Wikipedia:Bots/Requests for approval/Lightbot
From Wikipedia, the free encyclopedia
- The following discussion is an archived debate. Please do not modify it. Subsequent comments should be made in a new section. The result of the discussion was Approved.
[edit] Lightbot
tasks • contribs • count • sul • logs • page moves • block user • block log • flag log • flag bot
Operator: Lightmouse (talk)
Automatic or Manually Assisted: Manually assisted
Programming Language(s): Monobook or AWB
Function Summary: Janitorial edits mainly to units and dates.
Edit period(s) (e.g. Continuous, daily, one time run): Continuous
Already has a bot flag (Y/N): No.
Function Details: Janitorial edits mainly to units and dates. Examples include:
- Changing '|sqm|', '|cum|' and '|knot|' to '|m2|', '|m3|' and '|kn|' when in the convert template (no visible effect to the reader but rationalises the template). Very low false positive rate.
- Fixing damaged date links that damage autoformatting e.g. [[November 5th]] (should be [[November 5]]). Very low false positive rate.
- Fixing dates that are damaged by autoformatting such as date ranges e.g. [[1 May|1]] to [[4 May]] should be simply '1 to 4 May' (to stop autoformatting converting it to "1 to May 4"). Low false positive rate.
- Unlinking date fragments such as links to solitary months ([[February]]), solitary days of the week ([[Tuesday]]), digits ([[16]]). Some false positives possible but I know some of the common ones and will check by eye when doing these.
I have done thousands of script assisted edits of this kind as Lightmouse. Low error rate tasks will be transferred to Lightbot. See contributions of Lightbot.
[edit] Discussion
Seems fine assuming to check manually for false positives on the last bullet point. --Apoc2400 (talk) 22:00, 25 May 2008 (UTC)
- You say "Very low false positive rate." a few times. Can you give examples of these false positives? dihydrogen monoxide (H2O) 09:35, 26 May 2008 (UTC)
- Actually, I say 'Very low' for the first two bullets. I say plain 'low' for the third bullet. The fourth bullet has different wording. I base my estimates on thousands of edits as Lightmouse. I will use low error rate parts of the same script.

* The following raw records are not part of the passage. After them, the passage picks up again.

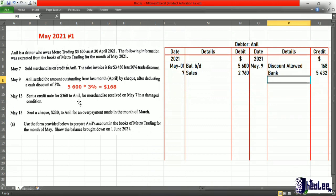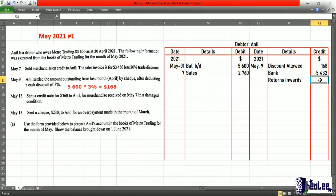A credit note for $360 was sent to Anil for merchandise received on May 7th in a damaged condition. This credit note indicates that there was a return, so that is returns inwards. Anil's account is reducing, so we credit it — the account to be debited would have been returns inwards. The value returned is $360. Remember: when you send a credit note from the business end, that is returns inwards.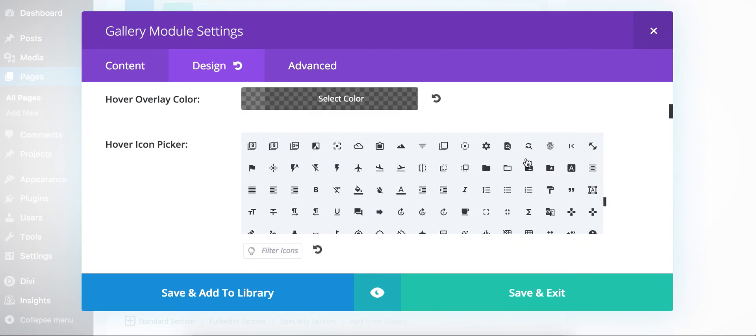And again, I wouldn't be surprised if it worked with most third-party plugins as well. Just the way that it works, if they're asking for an icon, they should be able to load up one of these icons as well.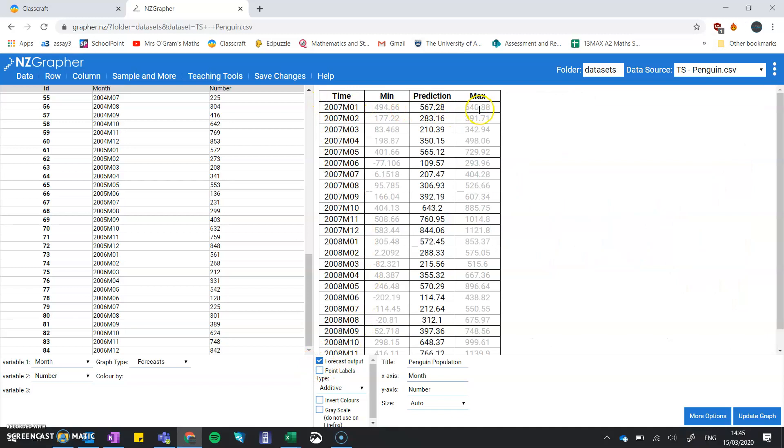This gives us the actual numbers that are making that graph. The minimum is the bottom of that red shaded line, the maximum is the top of the red shaded area, and the prediction itself is the exact point of that red line.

- "Changing '|sqm|'": I have yet to detect or imagine a false positive scenario with the proposed regex. It would be naive to predict zero. So I hypothesised 'very low'.
- "Date links that damage autoformatting": I have yet to detect or imagine a false positive scenario with the proposed regex. It would be naive to predict zero. So I hypothesised 'very low'.

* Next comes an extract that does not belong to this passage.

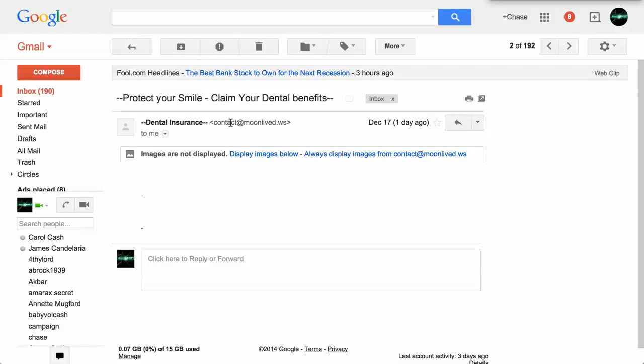Well, hello, this is Chase Swift, and in this video I want to show you how you can delete mail that comes into your Gmail account.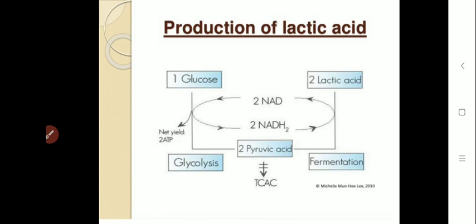We will now see the production or the biosynthesis of lactic acid. The synthesis of lactic acid occurs through glucose oxidation by the glycolysis process. This produces pyruvic acid or pyruvate, which on reduction gives lactic acid. This process involves the release of energy in the form of NAD+ + H+. This is the outline of the glycolysis pathway for the biosynthesis of lactic acid.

- "Fixing dates that are damaged by autoformatting": This is a more difficult regex problem. With range examples, it is easy to address the first half of a range (or just bad formatting) such as [[1 May|1]]. It is more difficult to correctly address the second half of a range [[4 May]]. That is where the theoretical possibility of false positives exists i.e. I want to delink '4 May' in a date range but not otherwise.
- Unlinking date fragments. For example false positives for delinking day names occur in references to calendars and gods i.e. I want to delink 'Thursday' when it is just the day that a TV show airs but not when referring to the god 'Thor'. Of the four bullet points here, this one needs the most care. I have done thousands of these and I know what to check for. I would be happy to do test runs. I hope that helps. Lightmouse (talk) 11:13, 26 May 2008 (UTC)
While you're editing units, I wonder whether you would be able to implement a procedure that places a non-breaking space between any digit and an ensuing unit, as per the manual of style. I think that using a regexp as simple as \d\s\w would suffice; even if false positives did occur, the change in space style would cause no user inconvenience. The scope could be extended with a regexp such as (\s\d+)(\w*) (replaced by $1 $2), but I wonder whether that will be more false-positive producing. Cheers, Smith609 Talk 13:53, 26 May 2008 (UTC)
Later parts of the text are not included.